We surmise that the comment in the letter-to-the editor originates from the false libels against Ms. Fluke uttered by Rush Limbaugh.   He stated on air that Ms. Fluke had so much sex that she wanted the taxpayers to subsidize it because she could not afford it.  Limbaugh and Elsie Arbach simply lie about what Ms. Fluke said and her purpose for testifying.  We also surmise that Arbach is one of Limbaugh's ditto heads and neither knows nor cares if she is lying.  

But the responsibility for publishing this lie goes to the Aberdeen American News.  There was a time in journalism when letters-to-the-editor were fact checked.  They were checked because if a newspaper published a false statement about a person, particularly one that defamed their morality, the newspaper could be sued.  If a newspaper back then published a statement such as the American News did, all Ms. Fluke's attorneys would have to do is bring the transcript of her testimony into court and show that she did not say what the published letter said she did.  The falseness of the statement in the letter was sufficient evidence of the presence of malice and damages were presumed.

When I last worked for a newspaper, the editors and reporters dreaded the ritual of the editor walking out of his office with a stack of letters-to-the-editor, which he would distribute to the editors and senior reporters for fact-checking.  It was also our job, if we found falsehoods and errors, to call the letter writer and explain why we could not publish the letter.  We hated this.  The stupid people who write falsehoods about other people tend to get belligerent and abusive when they are told they have written a lie.  They usually went into a defaming rage against the editor who called them and then canceled their subscription to the paper.  It was not a pleasant part of the work week.

Case law since that time has changed the way slander and libel laws are applied.  Now one has to prove that a false statement did measurable damage regarding a person's profession or occupation.  The courts have, in effect, endorsed the presence and use of malice against people as permissible as long as it does not measurably affect their earnings.  

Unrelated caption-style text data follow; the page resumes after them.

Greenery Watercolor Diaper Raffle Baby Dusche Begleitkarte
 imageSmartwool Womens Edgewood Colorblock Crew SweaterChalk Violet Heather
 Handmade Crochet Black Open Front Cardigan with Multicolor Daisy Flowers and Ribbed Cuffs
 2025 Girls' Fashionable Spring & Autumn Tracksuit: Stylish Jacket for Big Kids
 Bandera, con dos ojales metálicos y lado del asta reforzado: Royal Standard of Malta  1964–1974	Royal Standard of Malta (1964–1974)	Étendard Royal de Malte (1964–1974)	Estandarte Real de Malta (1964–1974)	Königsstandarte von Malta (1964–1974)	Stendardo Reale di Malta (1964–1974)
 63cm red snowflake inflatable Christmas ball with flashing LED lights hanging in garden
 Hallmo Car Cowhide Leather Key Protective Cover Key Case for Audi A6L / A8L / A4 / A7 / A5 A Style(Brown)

So, that leaves wretched publications like the American News free to publish whatever libels it pleases.    That does not absolve the newspaper from being party to a falsehood and a libel. The newspaper has a right to devote itself to partisan hackery, which is abundant on its editorial pages, and it is part of the free enterprise system of selling harmful junk to the public.


In Orwell's 1984, the novel contains a hate figure named Emmanuel Goldstein who is presented as an enemy of the people by the state media.  It is doubtful whether such a person actually existed, but the purpose is to excite and distract the people with hatred as part of the brain-washing process through which they are controlled.  Sandra Fluke was created by Limbaugh as a hate object and that hate object is passed along by the letter in the American News.


In so engaging in this kind of nefarious enterprise, the American News disqualifies any claim it makes to being a medium of journalism.  It is merely a facilitator of the angry and insane incivility that possesses American politics.  But its financial success probably relies on it serving that role.  Reading the Aberdeen American News is like smoking tobacco.  Or crack.  It is not anything like reading legitimate journalism. 


2 comments:

Eli Blake said...
This comment has been removed by the author.
Eli Blake said...

The problem is that a lot of small town newspapers (not sure what the population of Aberdeen is, but I live in a rural area and know that some of the newspapers here have this problem) are just plain lazy. They are short-staffed and often when they get letters, even false letters, they would rather just throw them in there to fill space than to actually fact check them.

In larger circulation newspapers the number of letters is sufficient that they can parse them and pick out the best ones, but small town papers sometimes throw them all in a pile and put in as many and of just the right length as they need to complete the page.